Der Fall Duvalier ist der erste, auf den das Gesetz angewandt wird. Es geht um sieben Millionen Franken. Aber auch die Tunesier könnten von der neuen Rechtslage profitieren.
Schweizer Regierung vom Erfolg überzeugt
Die Schweiz sieht sich mit dem neuen Gesetz als Vorreiterin, wenn es um Vermögen gestürzter Diktatoren geht. Man sei auf einem guten Weg, so Zellweger. "Die Hälfte aller je zurückgegebenen Gelder, die man nach internationalen und unabhängigen Zahlen nachvollziehen kann, kommen aus der Schweiz. Das heißt, die Schweiz hat die Hälfte aller je zurückgegebenen Gelder selbst zurückgegeben", erklärt er.

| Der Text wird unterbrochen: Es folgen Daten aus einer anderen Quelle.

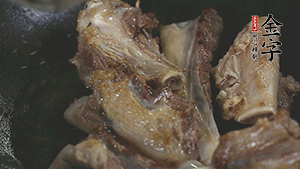 加入白蘿卜、料酒、水、火腿煮40分鐘。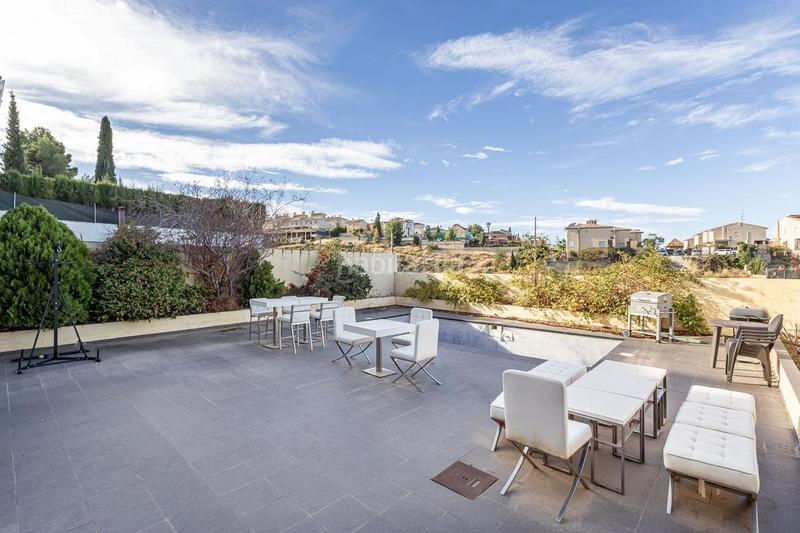 Foto 4323e59e-31ee-48e5-9a9e-3761612ba7ce. Casa in calle cosmos 10 in Barrio de la Vega Monachil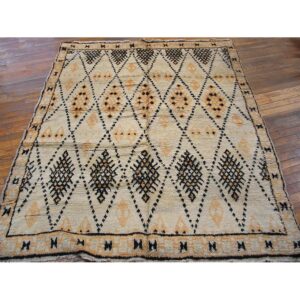 Vintage North African Moroccan Rug 5'3"×6'9" Ivory Diamond, Hand-Woven, 1950s - detail view 5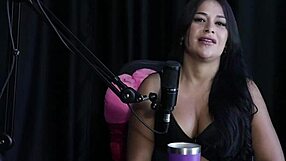 Loira Safada Tira A Roupa Exibe Seus Enormes Peitos Sua Buceta Gostosa E Demonstra Seu Boquete Depois De Falar Que O Seu Dom É Fazer Contato Visual Sexy E Mostrar Sua Espanhola - Gabriella Gushi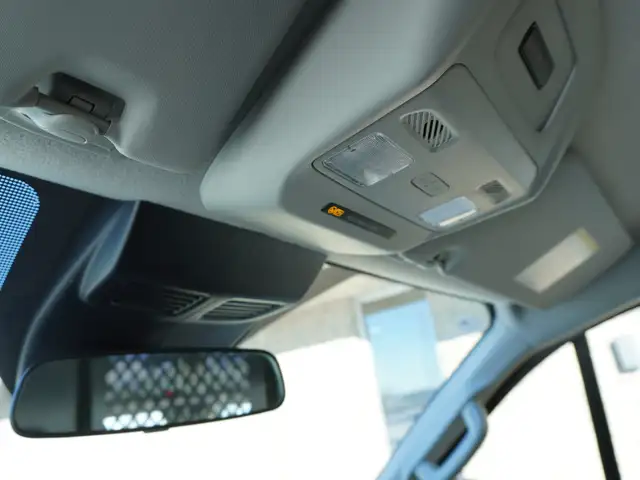 2024 Ford Transit Cargo Van T-250 148 RARE AWD CARGO VAN, LOW KM - Photo 25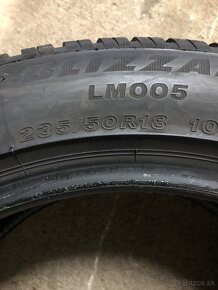 Bridgestone 235/50 R18 - zimné - 3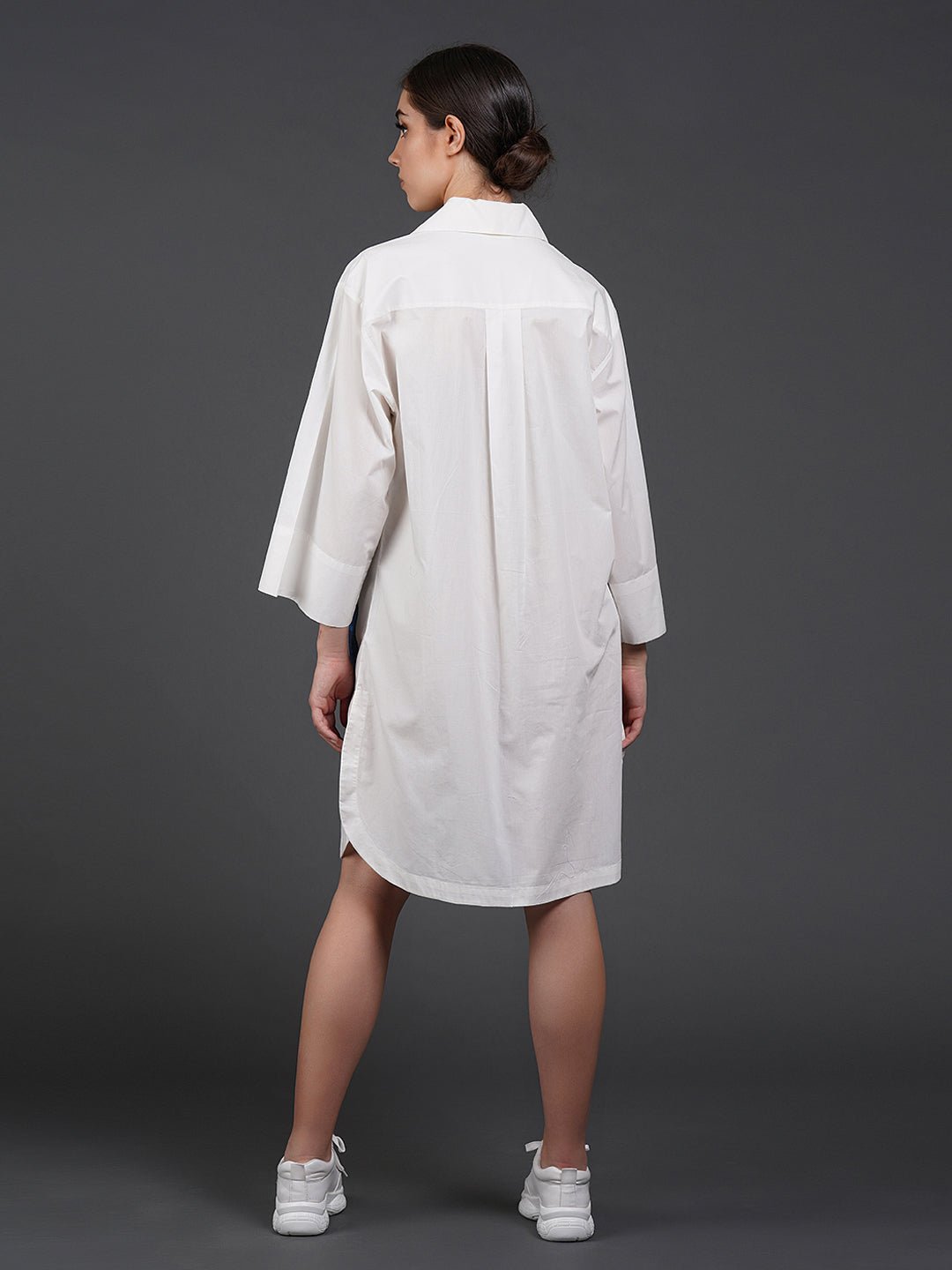 White cotton kurta showcasing abstract digital print in the front. - samantchauhan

Grundsätzlich wird das Gesetz von Nichtregierungsorganisationen begrüßt. Marc Herkenrath von Alliance Sud bemängelt allerdings einen Passus im Gesetz, der die Möglichkeit einer gütlichen Lösung am Verhandlungstisch vorsieht:
"Tatsache ist, dass bis jetzt gütliche Einigungen mit den Machthabern nie funktioniert haben, sie wurden - wenn überhaupt - als Verzögerungstaktiken eingesetzt. Die Diktatoren haben im Verlauf der Verhandlungen immer mehr und mehr Geld verlangt und dann gerade rechtzeitig den Deal wieder platzen lassen, um so noch Zeit zu gewinnen, bis die Verjährungsfristen einsetzen."
Die Schweizer Regierung, der Bundesrat, weist die Kritik zurück. Verhandlungen soll es nur in Ausnahmefällen geben und zwar nur, wenn die Gerichte zu keiner Lösung kämen, heißt es aus dem Außendepartement.